Discussion about datasets and dataloaders


(Clément Pinard) #1

Hello there,
I have been working on a pytorch implementation of FlowNet, as it will be useful for me and makes me train to use it. (convergence is still WIP)

However, there has been some issues that I had to solve in order to match my workflow. So I created this topic to either discuss about possible ameliorations in the dataset interface or ameliorations in my own workflow, which i like but may be far from perfect.

transform functions
As dicussed here , currently, transform functions are not supporting coherent transformations between input and target, because the random parameters ( such as flip or not, or crop coordinates) are created within the function call.
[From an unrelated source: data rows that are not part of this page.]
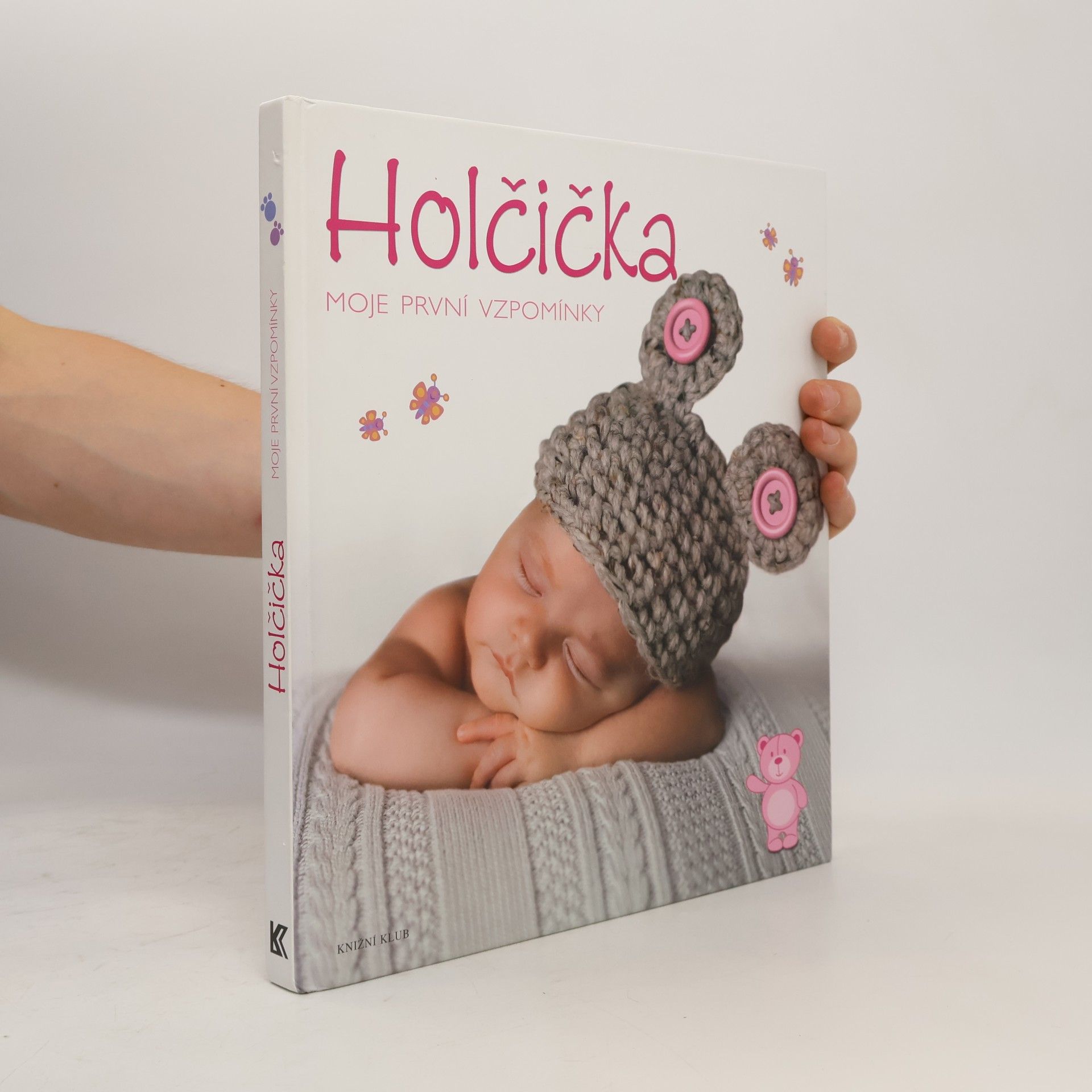 Valeria Manferto De Fabianis Holčička : moje první vzpomínky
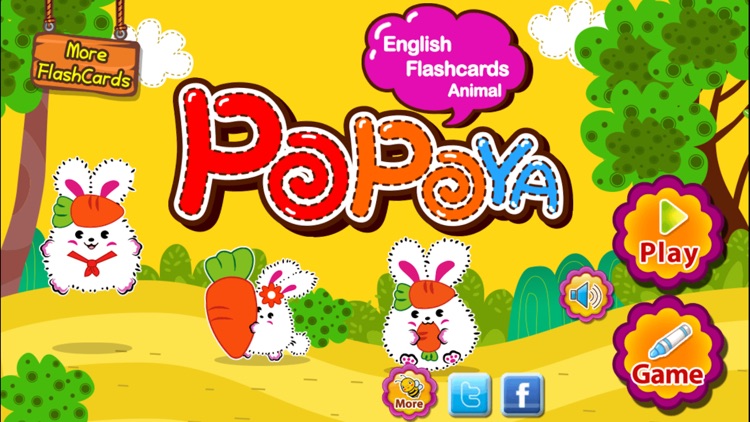 ABC Animal English FlashCards screenshot-4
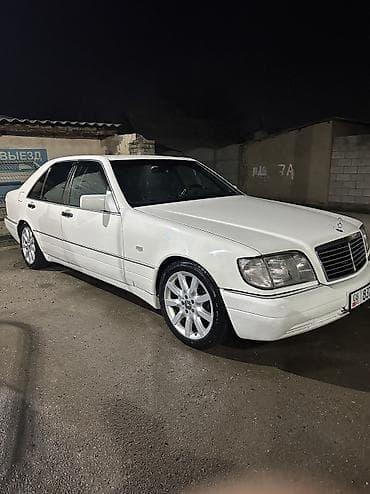 Mercedes-Benz S-Class: 1993 г., 3.2 л, Автомат, Дизель at lalafo.kg Mercedes-Benz S-Class: 1993 г., 3.2 л, Автомат, Дизель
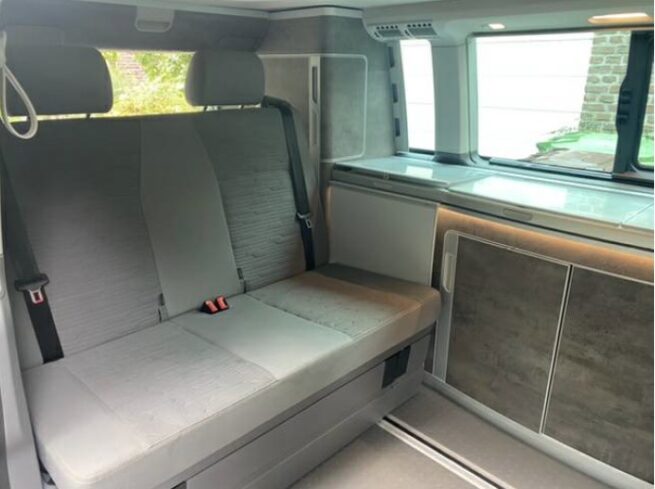 VW California 6.1 Ocean 150kw / 204PK DSG 4-Motion Navi - Afbeelding 9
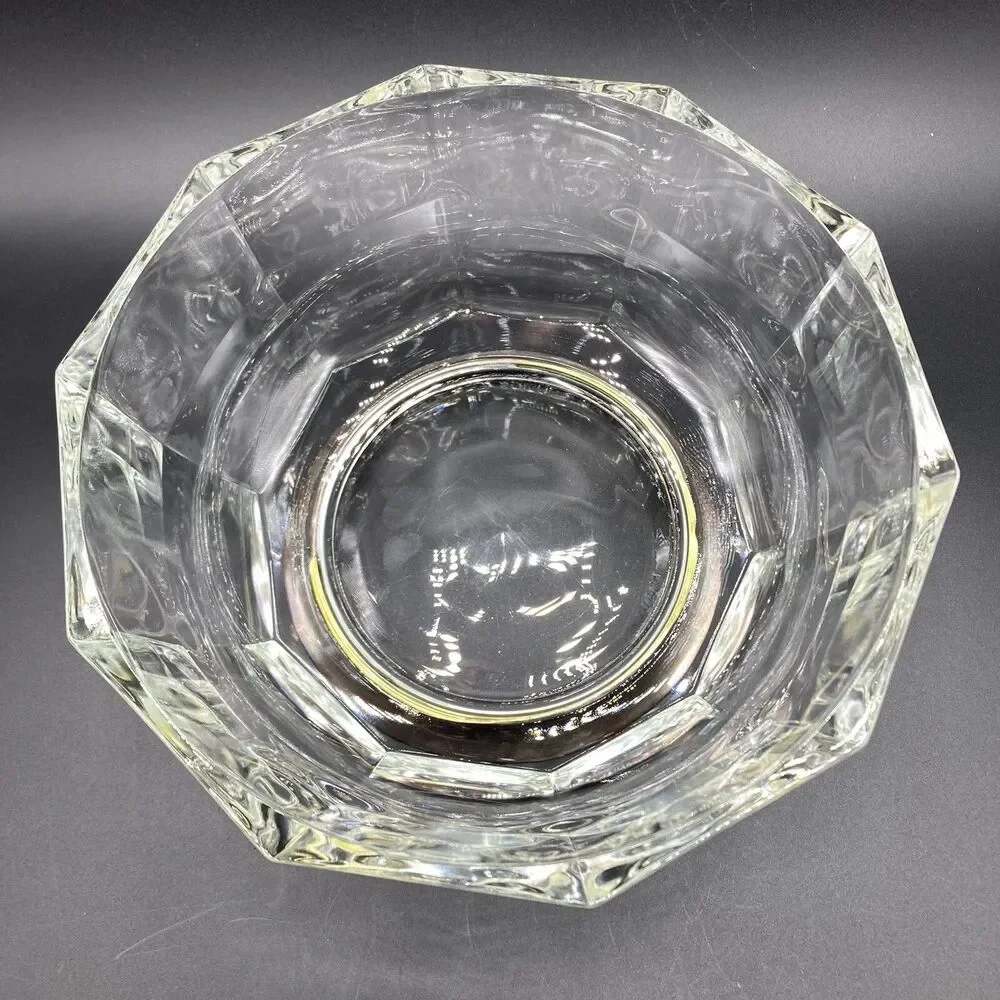 Godinger vintage decagon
It won’t be a problem for classification, but will be for all kinds of geometric problems, from Bounding boxes localisation to flow/depth estimation.
To address this issue, i created co_transforms that take both input and target for arguments. that way you can create your own transformation that will keep your target coherent to you augment input.
See it here
The big problem to my mind is the fact that co_transforms and transforms / target_transforms are ambiguous regarding the order we call them. Do we call the co_transforms first or last ? If called last, all co_transforms must deal with pytorch tensors, while when called first, they will deal different kinds of data structures.
In my code, you will see here that I chose to do it first, but before that I hard-coded numpy conversion for images (calling imread from scipy instead of PIL load) to always deal with numpy arrays. This was to me the only way, because transforms and target_transforms have the ToTensor() functions (which i slightly modified in ArrayToTensor() to have the correct HxWxC to CxHxW conversion. What’s more, dealing with PIL operations and numpy array at the same time is very risky as h and w are in reverse order when calling PIL or array functions.

Splitted dataset
I also decided to try a splitted dataset. As suggested by some, the simpliest way is to manually glob files and make two different datasets from image paths lists. But i think a splitted dataset is a common need when you are developping your own dataset, so I tried to get it all in a unified class with a split parameter, which applies here to the flying chairs dataset which is just a folder with img pairs and associated flo files. (dataset code )
To move from train dataset to test dataset, you just have to call dataset.eval() or dataset.train() before calling the data loader the same way you do it when putting the network in train or test mode.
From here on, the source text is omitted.